I am a Computer Science undergraduate and I am currently taking a hardware module that focuses a lot on hardware processors and memory addresses, all of which works in binary. However, the inputs given in the questions are always in hexadecimal, and the methods to compute something are always taught in binary, so it would somewhat require us to constantly switch between binary and hexadecimal back and forth, which I find very tedious and mechanical. Personally I am kind of forced to take a hardware module by my institution, so the only motivation for me to study this module is perhaps the arithmetic beauty behind the computation of other bases, and whether there's a more elegant method out there to make my thinking quicker and sharper. Like how a operation in MIPS involves removing the last 2 digits in binary, which is equivalent to /4 in the hexadecimal representation for most numbers(Pardon if I'm wrong, I'm still relatively new into this concept, that's why for the question).
1)I want to know if there are recommended resources out there to help drill on computational skills on bases other than 10, particularly hexadecimal(Since binary is just operating with 2 numbers and it's just back to square one tedious-ness).

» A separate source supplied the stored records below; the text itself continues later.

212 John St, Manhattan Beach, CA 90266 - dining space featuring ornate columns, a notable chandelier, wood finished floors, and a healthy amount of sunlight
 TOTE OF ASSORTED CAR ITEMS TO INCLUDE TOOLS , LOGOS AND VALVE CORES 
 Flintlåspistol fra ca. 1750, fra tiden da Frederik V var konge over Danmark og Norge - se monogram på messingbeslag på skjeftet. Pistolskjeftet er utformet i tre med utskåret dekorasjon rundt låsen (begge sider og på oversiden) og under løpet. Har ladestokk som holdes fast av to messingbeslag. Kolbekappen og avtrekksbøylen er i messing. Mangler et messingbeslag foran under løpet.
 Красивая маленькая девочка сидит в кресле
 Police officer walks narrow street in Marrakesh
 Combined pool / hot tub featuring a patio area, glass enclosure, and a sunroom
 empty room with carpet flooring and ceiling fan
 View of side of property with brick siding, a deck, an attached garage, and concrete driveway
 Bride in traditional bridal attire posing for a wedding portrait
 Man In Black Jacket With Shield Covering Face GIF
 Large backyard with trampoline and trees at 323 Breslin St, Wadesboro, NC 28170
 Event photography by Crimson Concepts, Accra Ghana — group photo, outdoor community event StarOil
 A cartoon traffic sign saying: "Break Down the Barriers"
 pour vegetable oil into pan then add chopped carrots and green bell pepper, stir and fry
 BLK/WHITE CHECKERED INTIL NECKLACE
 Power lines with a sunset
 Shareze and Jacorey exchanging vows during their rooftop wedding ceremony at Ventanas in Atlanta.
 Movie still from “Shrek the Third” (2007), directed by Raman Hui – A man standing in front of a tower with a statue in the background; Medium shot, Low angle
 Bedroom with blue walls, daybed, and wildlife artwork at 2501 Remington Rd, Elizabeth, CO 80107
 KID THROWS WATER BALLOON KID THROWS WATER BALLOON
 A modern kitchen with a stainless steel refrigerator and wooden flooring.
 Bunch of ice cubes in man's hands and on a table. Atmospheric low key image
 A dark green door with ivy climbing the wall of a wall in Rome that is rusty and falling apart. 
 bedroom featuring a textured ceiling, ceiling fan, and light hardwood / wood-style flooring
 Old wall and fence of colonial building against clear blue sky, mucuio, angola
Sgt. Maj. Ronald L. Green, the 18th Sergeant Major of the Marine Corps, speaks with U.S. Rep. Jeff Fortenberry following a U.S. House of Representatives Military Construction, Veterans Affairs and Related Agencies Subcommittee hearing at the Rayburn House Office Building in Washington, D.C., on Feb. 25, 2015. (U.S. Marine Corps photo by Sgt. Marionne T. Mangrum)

2)Also, please advise me whether it's actually worth it to invest in time to learn how to visualise in hexadecimal well, since there's the other alternative most people are taking to do well in the Mathematical aspect of the module, is to master the conversion from (base 2 to base 10 back and forth), and then (base 2 to base 16 back and forth), which just feels really dry. That being said, I would be quite selective on what I want to learn, like to convert a fairly long decimal number to base 16 directly would require a lot of work since base 16 doesn't come too obvious for me.
Thanks.
Converting between binary and hex is straightforward, as hex is simply "chunking" binary digits into groups of 4 i.e. starting from the right, you just replace each group of 4 binary digits with a single hex digit as follows:
$0\text{b}0000 \rightarrow 0\text{x}0$
$0\text{b}0001 \rightarrow 0\text{x}1$
$\dots$
$0\text{b}1110 \rightarrow 0\text{xE}$
$0\text{b}1111 \rightarrow 0\text{xF}$
so, for example,
$0\text{b}1010 \space 0101 \rightarrow 0\text{xA}5$
If you using hex addresses you will soon become familiar with the decimal equivalents of some common addresses e.g.
$0\text{xFF} = 255$
$0\text{x100} = 256$
$0\text{xFFFF} = 65535$
$0\text{x10000} = 65536$
and you will get a "feel" for the magnitude of numbers in hex e.g. $0\text{x}400$ is about $1000$ (to be exact, it is $1024$).
Maybe you will be asked to convert a number between binary, hex and decimal "by hand" in an exam to demonstrate that you understand the principle of different bases. And you might need to know the "ones' complement" representation of negative integers.
But I wouldn't bother learning to do mental arithmetic in hex - that's what calculators are for.